El miércoles 26 de octubre de 1825 Bolívar ascendió la cúspide del Potosí. Lo acompañaron en el ascenso, entre otras personas, el Mariscal Sucre, el Prefecto del Departamento, los plenipotenciarios del Plata, los miembros de su Estado Mayor y su maestro don Simón Rodríguez. Fue este uno de los días más felices en la vida del Libertador. Se encontraba extasiado, mucho más aún que cuando conoció la noticia de la victoria de Sucre en Ayacucho.

“Pocas veces, nos dice Rey y Castro, había estado el Libertador de tan buen humor. Su semblante había perdido el imponente aspecto guerrero; respiraba amabilidad y hasta en su traje se notaba diferencia. Había cambiado la bota militar por el fino zapato y ni aún quiso conservar el bigote” (Liévano Aguirre. (1988.P. 430).

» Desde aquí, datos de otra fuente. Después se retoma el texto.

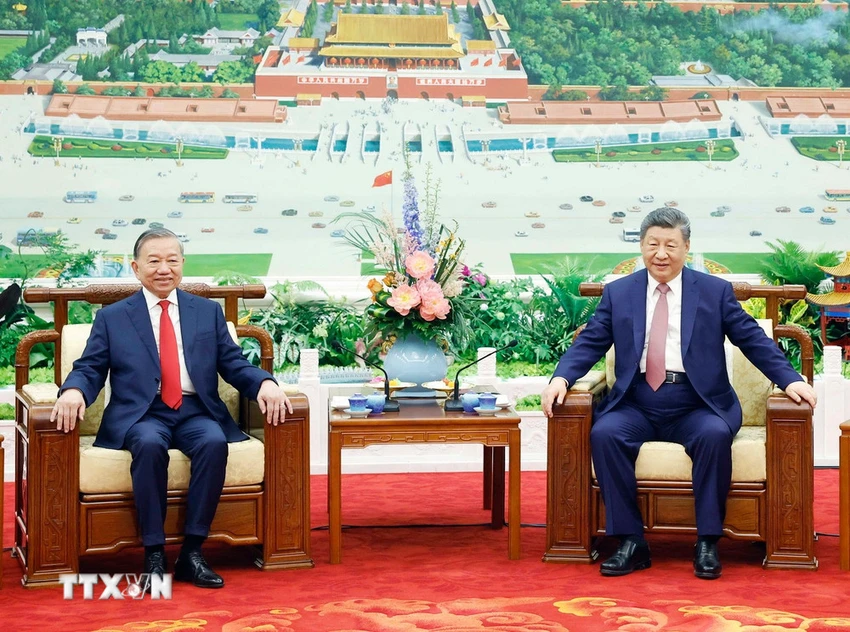 tong-bi-thu-chu-tich-nuoc-to-lam-va-phu-nhan-cung-tong-bi-thu-chu-tich-nuoc-tap-can-binh-va-phu-nhan-du-tiec-tra-2-resize.jpg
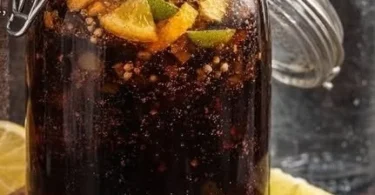 A glass of homemade Coca Cola with ice and a slice of lemon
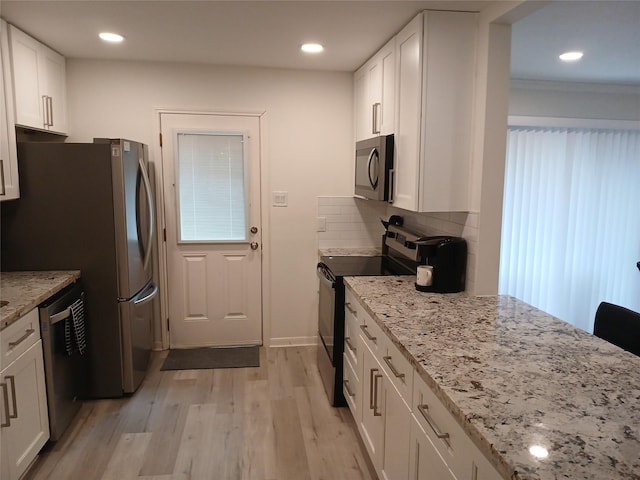 12907 Trail Hollow Dr Unit 2907, Houston, TX 77079 - kitchen with stainless steel appliances, light wood-style flooring, white cabinets, light stone counters, and backsplash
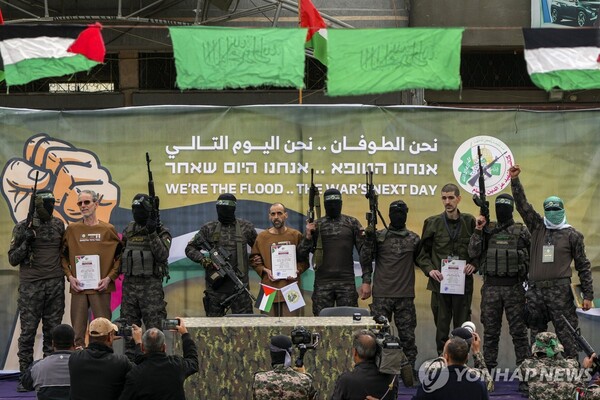 8일(현지시간) 가자지구 중부 데이르알발라에서 하마스 무장대원들이 석방 대상인 이스라엘 인질 3명을 무대에 세웠다. 2025.2.8 (출처: AP, 연합뉴스)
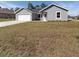 Newly built house with a driveway and small front yard at 1041 Ne 130Th Ter, Silver Springs, FL 34488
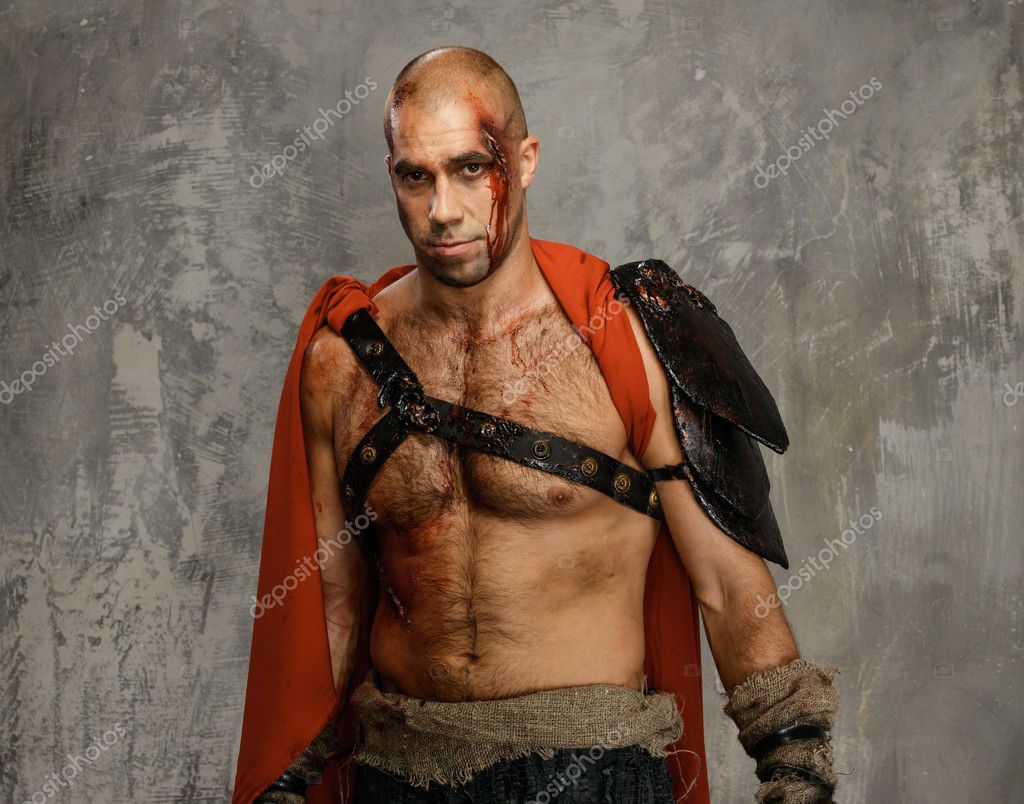 Wounded gladiator close-up Stock Photo by ©nejron 40761481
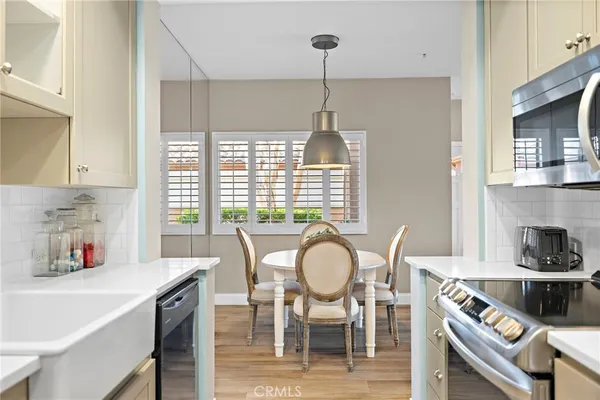 a dining room with furniture and window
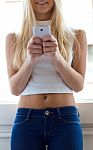 Young Beautiful Woman Using Her Mobile Phone At Home Stock Photo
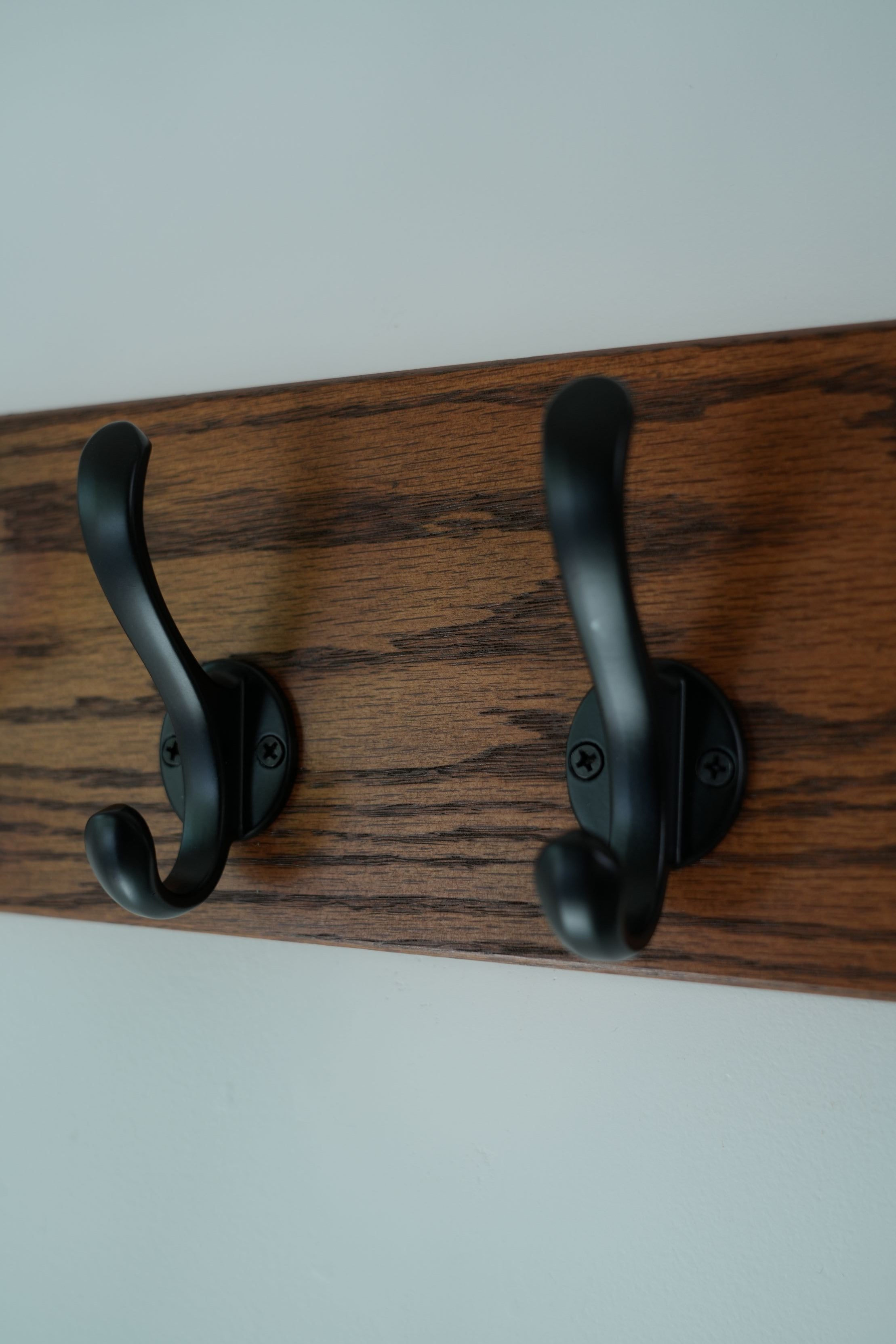 Two black coat hooks on a wooden board with a white background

Por su parte O´Leary relata de la forma siguiente aquel inolvidable momento: “Bolívar reía de contento como un niño, desbordaba alegría sin límite, los riscos de la cumbre los recorrió a saltos, hubo un momento en que tomó la bandera de Colombia y se envolvió en sus franjas, quedó en posición de pie y firme mientras tarareaba la marcha triunfal de Junín, que inmediatamente fue interpretada por los músicos de la legión; el momento fue sublime y hermoso (...) siguió luego la ceremonia de desplegar al viento las banderas: Bolívar liberó en sus manos un trozo de arcoiris y ondeó sobre la cumbre el amarillo, azul y rojo de Colombia” (O´Leary. Tomo 28. P. 405)

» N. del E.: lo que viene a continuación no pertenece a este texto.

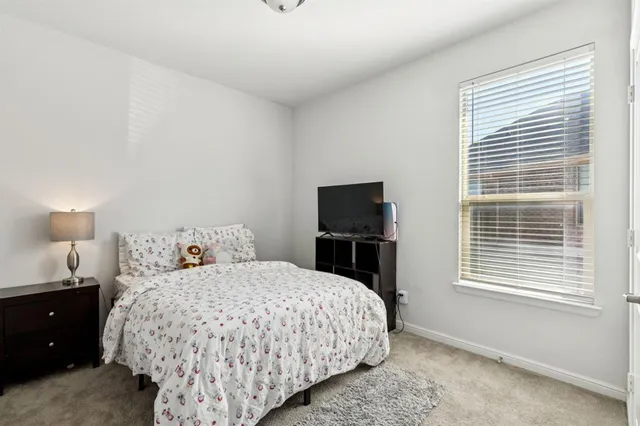 a bedroom with a bed and a tv on the dresser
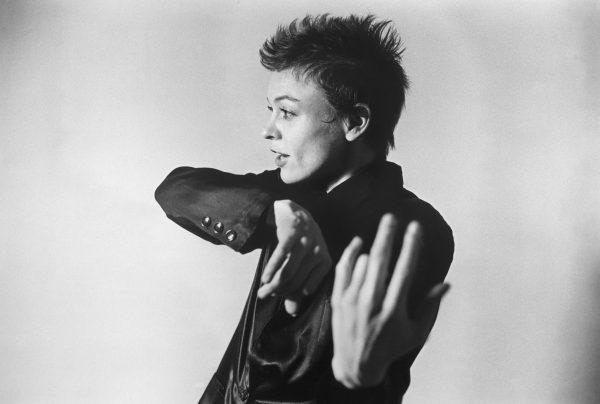 A short-haired person is shown in a black and white portrait of her profile, her arms gracefully held to the side and her mouth slightly opened, as though in the midst of saying something.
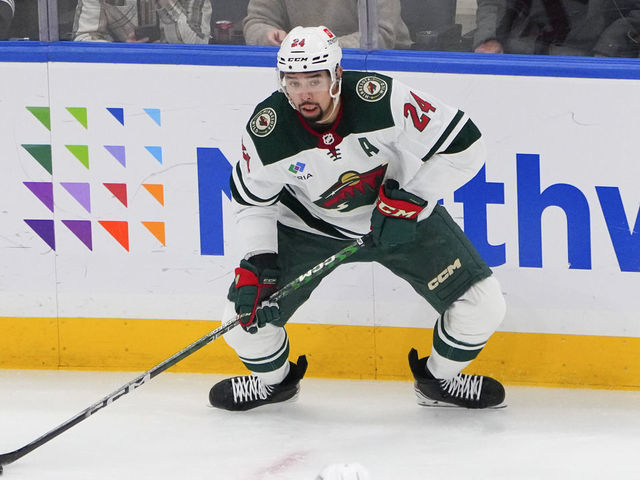 ELMONT, NY - JANUARY 12: Minnesota Wild Defenseman Matt Dumba (24) controls the puck during the second period of the National Hockey League game between the Minnesota Wild and the New York Islanders on January 12, 2023, at UBS Arena in Elmont, NY.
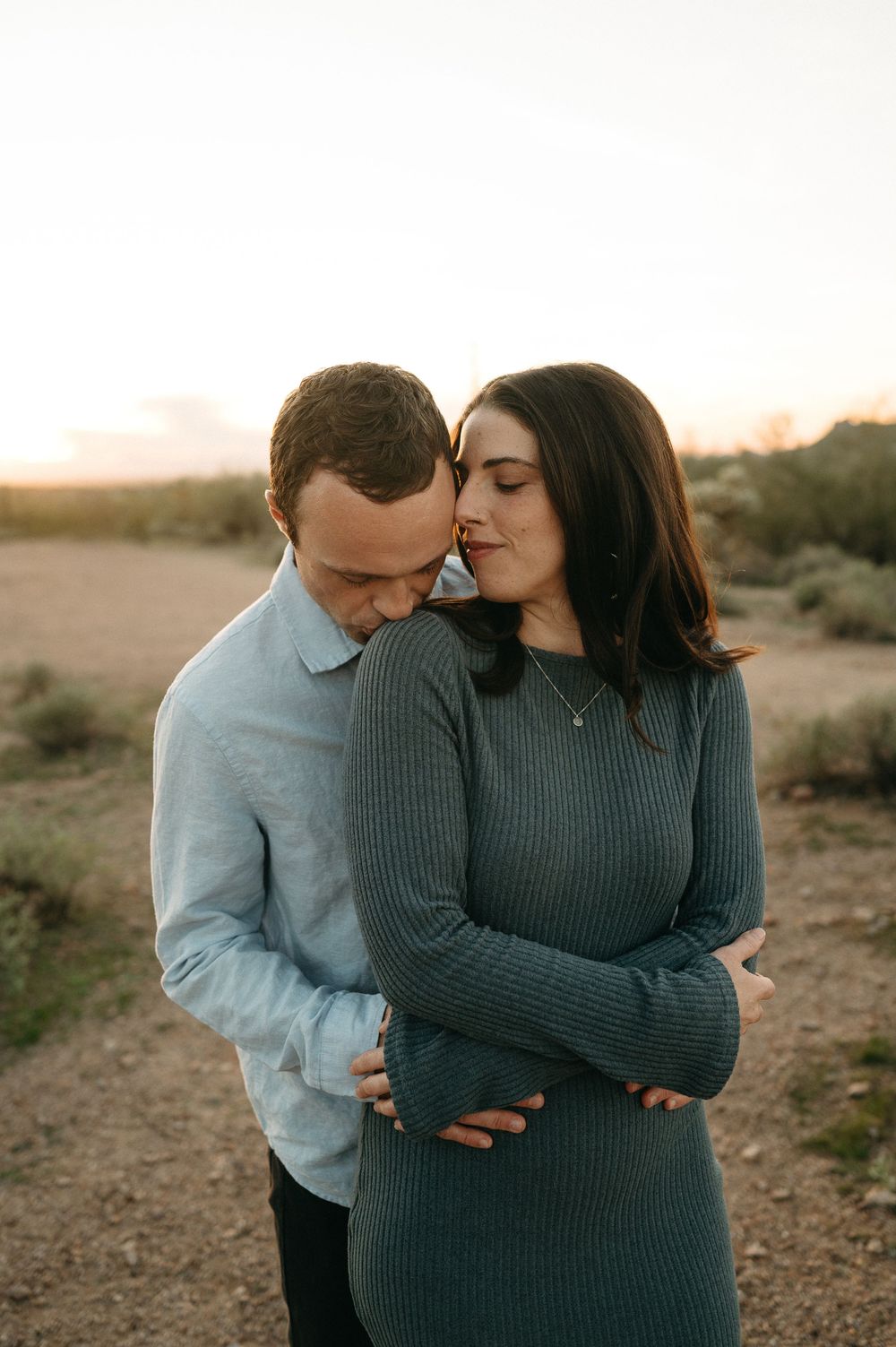 A couple shares an intimate moment at sunset in a desert landscape while wearing casual sweaters.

En la cima del cerro hubo brindis, almuerzo y discursos. Se recordó el juramento del Monte Sacro; se habló de la unidad de Colombia; el Mariscal Sucre declamó “Mi delirio sobre el Chimborazo”. En medio de tanto regocijo Bolívar improvisó, como era costumbre suya, un discurso apropiado a las circunstancias. Dijo esa vez: “Venimos venciendo desde las costas del Atlántico y en quince años de una lucha de gigantes, hemos derrocado el edificio de la tiranía, formado tranquilamente en tres siglos de usurpación y de violencia. Las miserias reliquias de los señores de este mundo estaban destinadas a la más degradante esclavitud. ¡Cuánto no debe ser nuestro gozo al ver tantos millones de hombres restituidos a sus derechos por nuestra perseverancia y nuestro esfuerzo! En cuanto a mí, de pie sobre esta mole de plata que se llama Potosí y cuyas venas riquísimas fueron trescientos años el erario de España, yo estimo en nada esta opulencia cuando la comparo con la gloria de haber traído victorioso el estandarte de la libertad, desde las playas ardientes del Orinoco, para fijarlo aquí, en el pico de esta montaña, cuyo seno es el asombro y la envidia del universo” (José Busaniche. 1981. P. 216).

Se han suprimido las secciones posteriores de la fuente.